Pada akhirnya aku memilih pergi tanpa pernah tau wajah laki-laki itu, dan duganku benar, setelah kejadian itu, dia tak pernah masuk sekolah lagi, aku mendengar dari teman akrabnya bahwa dia harus bekerja untuk menghidupi ke 4 adiknya setelah ibunya meninggal, Ayahnya tak pernah kembali lagi sejak pamit pergi untuk jadi TKI 2 tahun lalu, dan ia beralih fungsi menjadi tulang punggung keluarga sejak saat itu.

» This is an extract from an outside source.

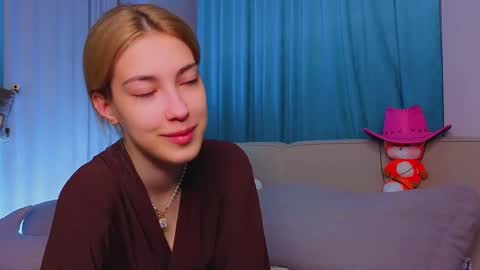 Viola online show from November 8, 11:10 am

 Berpuluh puluh tahun kemudian, aku menemukan punggung yang sempat runtuh itu, berdiri tegap lagi. masih dengan bahu tak simetrisnya yang membuat posisi duduknya terlihat agak aneh, masih dengan rambut keritingnya yang seperti mengiklankan salah satu produk mie instan, masih dengan tingginya yang tak terlalu jauh dari 178 Cm, dan masih dengan suara falesnya yang selalu menyanyikan lagu “Mother”. Punggung itu kini berdiri lebih tegap dari pada ketika aku bertemu pertama kali dulu, karena memang di butuhkan punggung yang tegap untuk memimpin perusahaan minyak miliknya. Aku juga tak mengerti bagaimana bisa dia bangkit dari keterpurukannya. Bahkan punggung itu masih tetap dapat berdiri tegap walaupun dialah orang yang membantu menanggung dan menyelesaikan beban-bebanku, dan berbagi denganku untuk menanggung beban putriku dan putrinya. Ya…punggung abnormal itu sekarang milikku, karena dia suamiku.